Alfonso Mata
Partamos de que: la creencia política alcanza dentro de nosotros un grado muy lejos de tener que ver con nuestro razonamiento y de interesar a muchas mentes privilegiadas. Así que dentro de nuestra credibilidad política, aceptamos una multitud de cosas que no han sido comprobadas en su verdadera y justa medida. El argumento no falta, lo que falta es la comprobación de veracidad en la creencia: lo que se hace, cómo se hace y el objetivo de la política. De tal suerte que atribuimos a la política y al político, una virtud casi mágica de protección a su autoridad. Un pensamiento mágico-religioso rodeando nuestra creencia invulnerable de la política ¿quién le encontrará su talón? Pero esa intocabilidad al fin de al cabo, tiene algo positivo: su origen en la confianza natural del hombre en sus semejantes, pues no sospecha que éste pueda tener interés en engañarle, salvo cuando trata de poner mano en sus intereses materiales; de lo contrario “no hay problema”. Pero por otro lado, el político está protegido por el pueblo, muchas veces y por muchas razones, porque este no sabe distinguir entre error y mentira. Creemos en nuestros sentidos y sentimientos y los de los demás. Sinceridad y verdad las confundimos, pues no nos es dado ni tiempo ni información para verificar si las afirmaciones y promesas están cargadas de verdades y adecuadas acciones. Tampoco separamos nuestras creencias de nuestra inclinación de confianza en la autoridad, pues nos perece que la autoridad tiene la razón: se le estima, envidia y odia.

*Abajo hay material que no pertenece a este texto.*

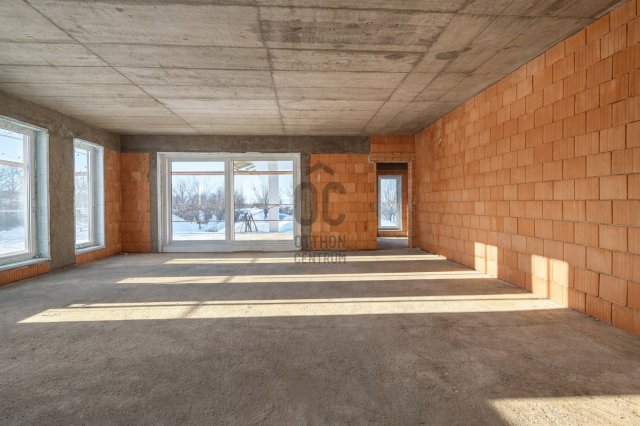 Eladó családi ház, Székesfehérvárott 170 M Ft, 5 szobás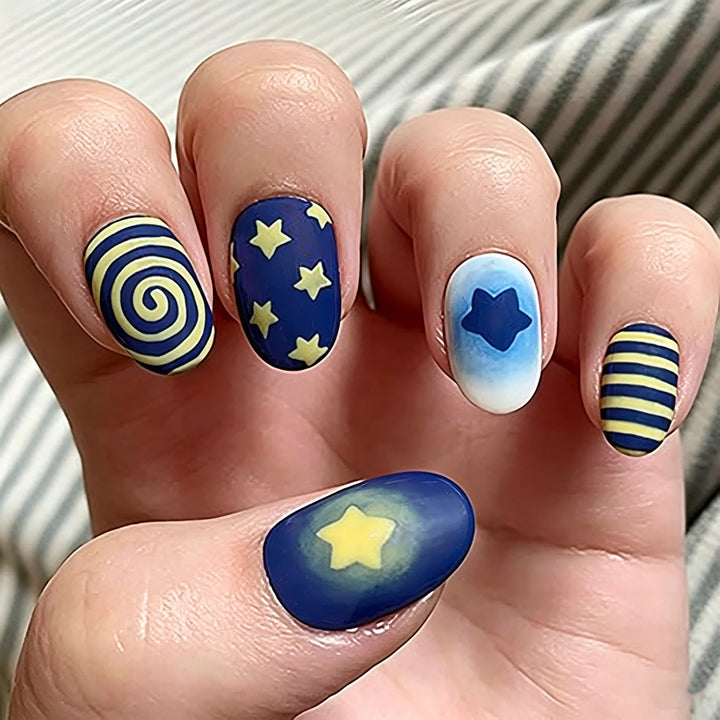 Whimsical Star Pattern Press-On Nail Art Set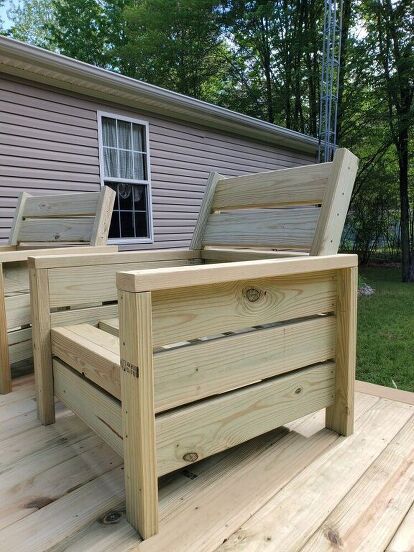 Outdoor Chairs Diy, Wood Chair Diy, Modern Deck, Wood Patio Furniture, Outside Furniture, Backyard Diy, Small Deck Decorating Ideas, Wood Patio, Deck Decorating Ideas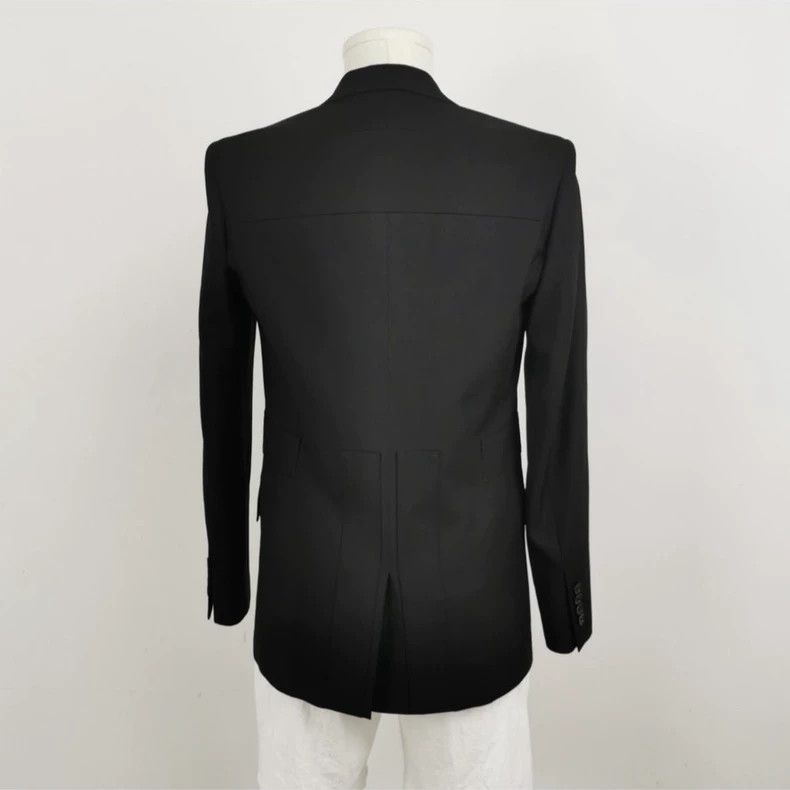 Givenchy Givenchy Wool solid color lapel long-sleeve blazer size 48 Size US M / EU 48-50 / 2 - 3 Thumbnail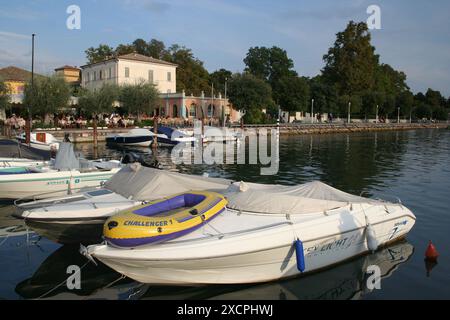 BIBLIOTHÈQUE DE VOYAGE D'UN OCÉAN À L'AUTRE - GÉRÉE PAR PPL PHOTO AGENCY   COPYRIGHT RÉSERVÉ *** local légende *** vedettes rapides amarrées dans le port de Bardolino sur le lac Banque D'Images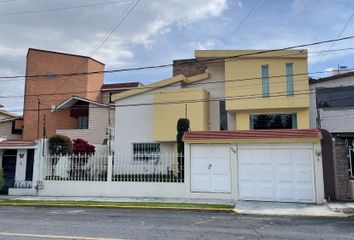 Casa en  Calle Paseo De Afrodita, Fraccionamiento San Carlos, Metepec, México, 52159, Mex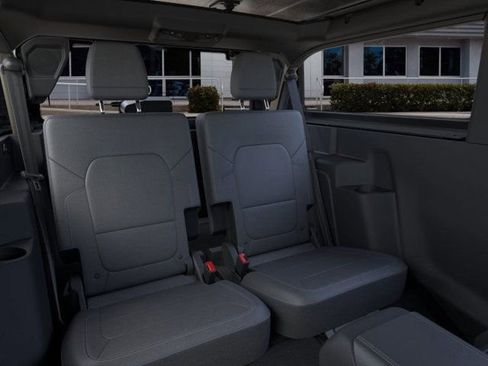 New 2025 Ford Bronco Badlands image 11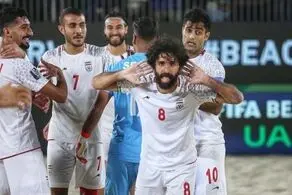رفتار تاسف‌آور برخی رسانه‌ها با افتخارآفرینی فوتبال ساحلی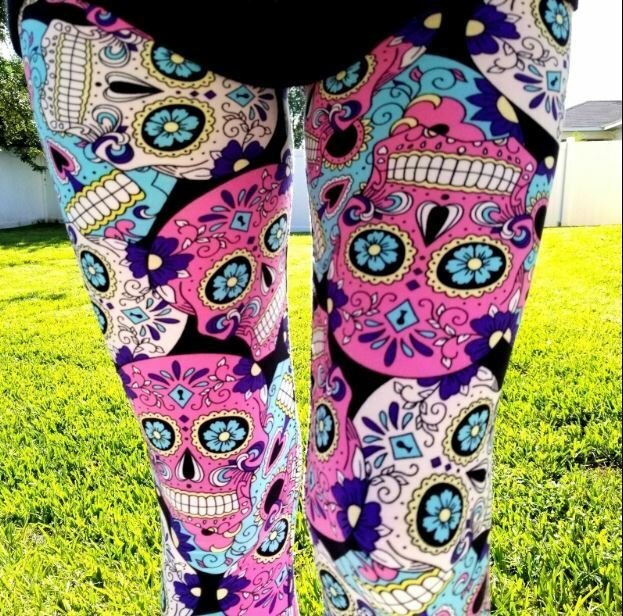 OS ONE SIZE Pink Aqua Sugar Skull Leggings Fits Sizes 2-10
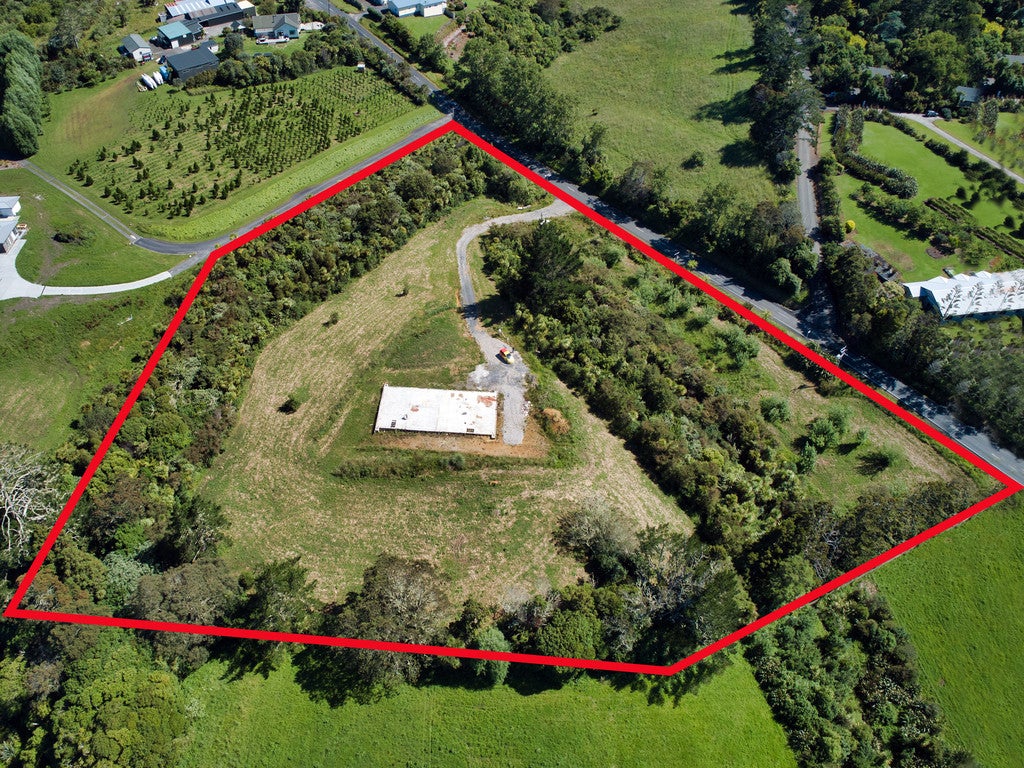 51 Shaw Road, Oratia, Auckland - Carousel 1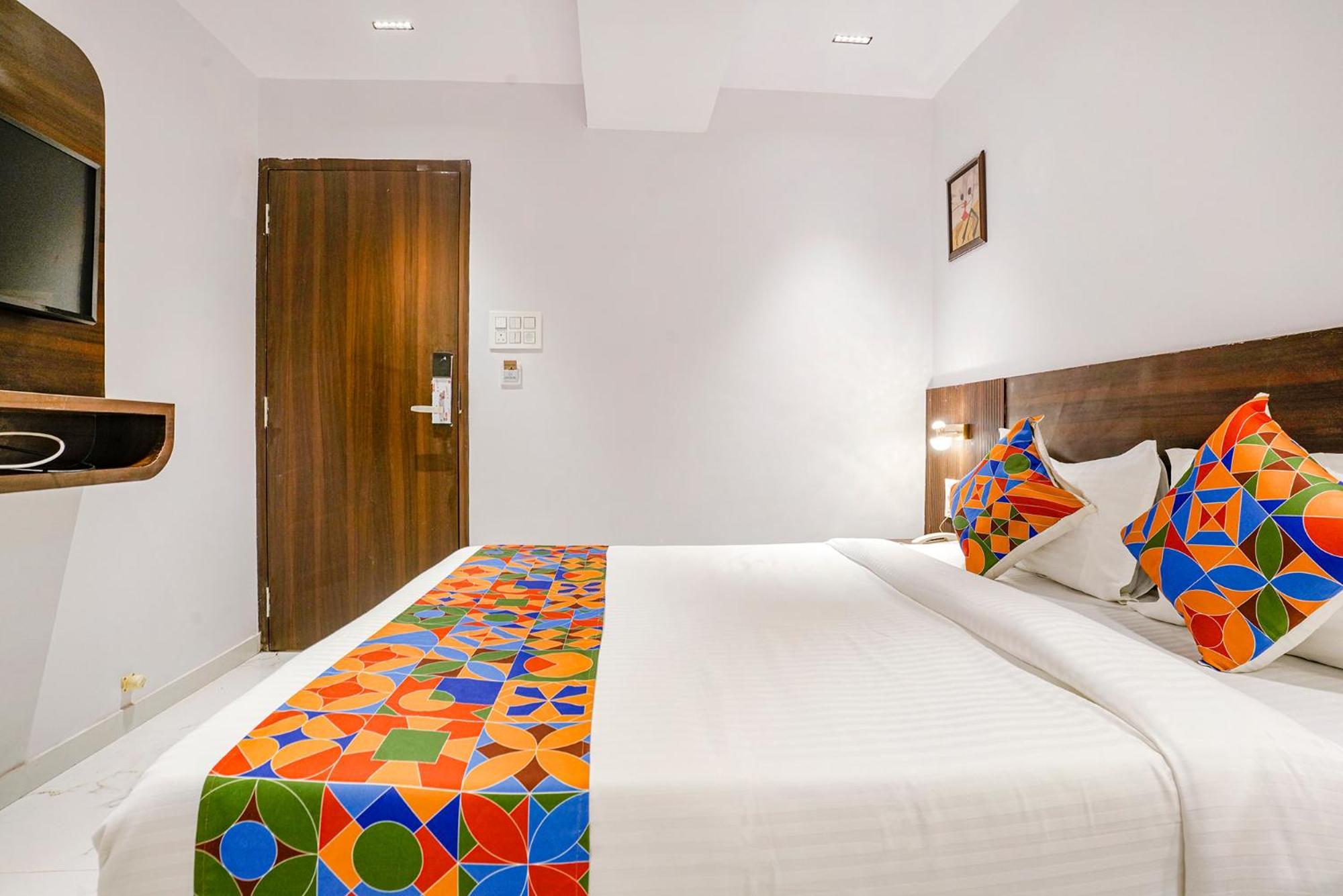 Fabhotel Peralz - Nr Boriwali Station * Mumbai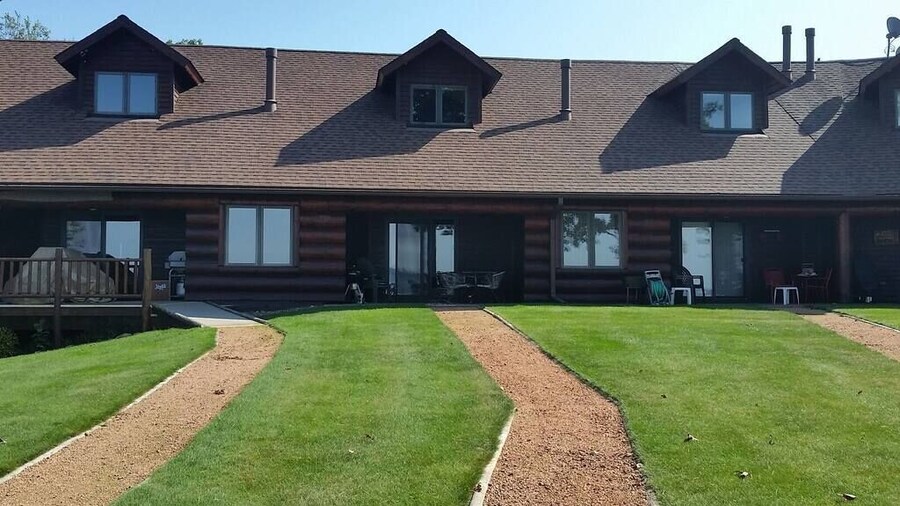 Fence Lake Condo #10 - Docking, Wifi, Beach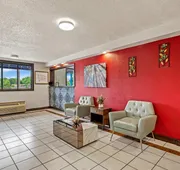 Econo Lodge Charlotte Airport Area hotel detail image 4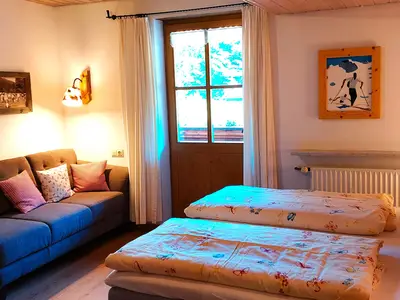 Wohn- und Schlafraum mit Esstisch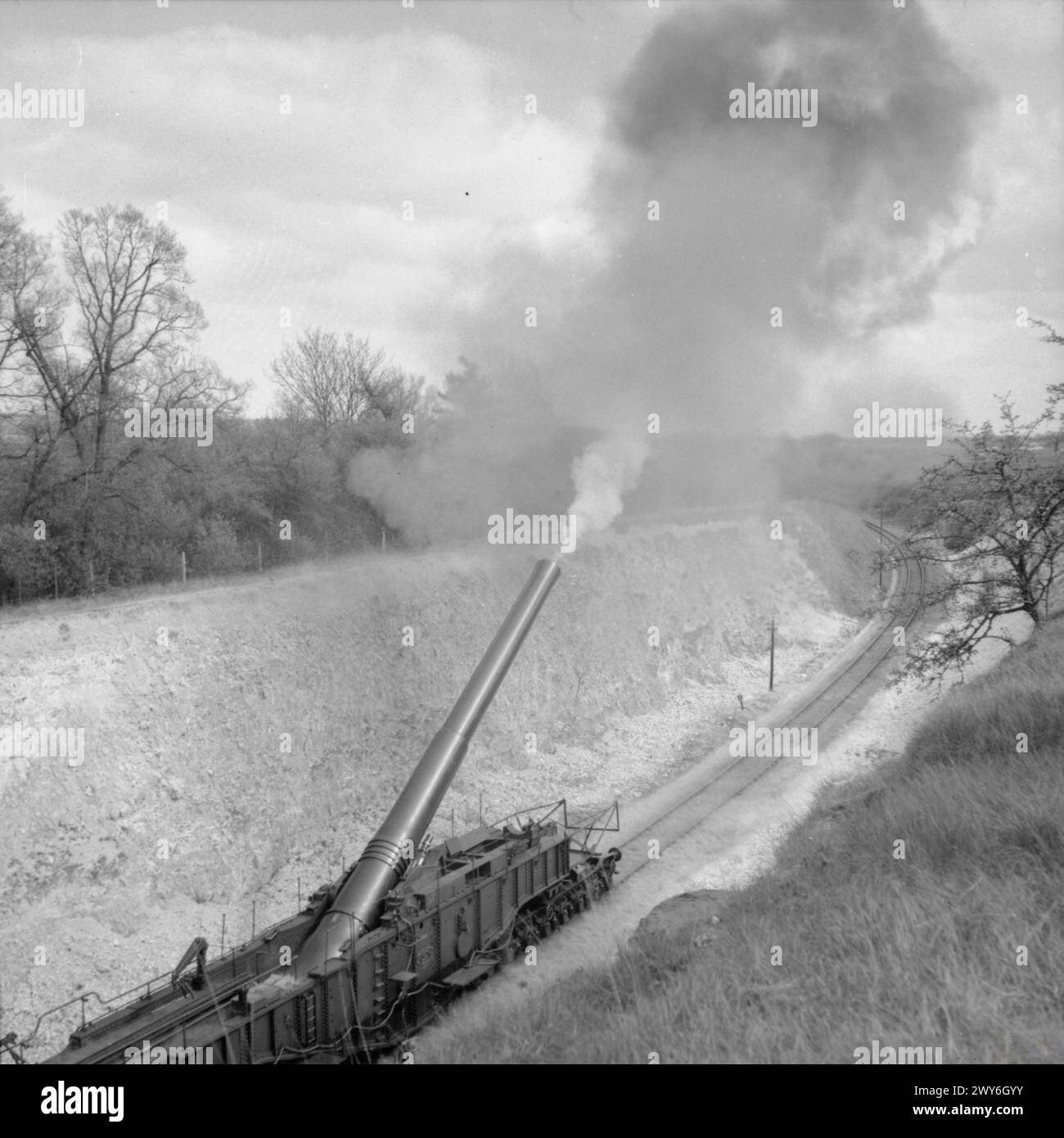 DIE BRITISCHE ARMEE IM VEREINIGTEN KÖNIGREICH 1939-45 – das 18-Zoll-Eisenbahngewehr „Boche-Buster“ feuert von einem Spalt in der Nähe von Bishopsbourne in Kent, 7. Mai 1941. Britische Armee, Royal Artillery Stockfoto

Somos pues de confianza ciega a un signo que reconocemos como política. Algunos, los más, con inocencia y los menos como oportunidad; inducción precipitada que se deriva e inferimos de la realidad que nos ha mostrado el comportamiento: “las autoridades son libres de hacer” Inferencia histórica de un “siempre ha sido así”. De esa forma, la autoridad adquiere su realidad: poder, prestigio y libertinaje, verdad aceptada aunque sea irracional y falsa. Creencia que se trasmite generación tras generación ya sea por temor, fuerza o costumbre o todas ellas y que se nos ha impuesto por los ojos, los oídos e incluso la enseñanza, y eso le da fuerza y toma fuerza desde el campo hasta la ciudad, inundando aldeas, fincas, siembras, industrias, comercios, centros docentes, calles y hogares. Es una señal de gran potencia que se forja desde la niñez. Un pensamiento humano de gran vigor cualquiera sea la falsedad que encierre y que permite ajustar la vida ciudadana y del ciudadano y su comportamiento a una imagen: cómo no creer en el político y lo que hace, sí en un ayer y un hoy, hace palpable que la política y el político es un negocio no un servicio. Mientras no interpretemos el hacer político en sus consecuencias y no en ellas mismas o en las intenciones, mientras no entendamos que la política concierne a todos; que es un campo de observación de explicación y reflexión y finalmente de acción sobre un ideal de modo de vivir de todos que todos debemos construir, seguiremos en las mismas.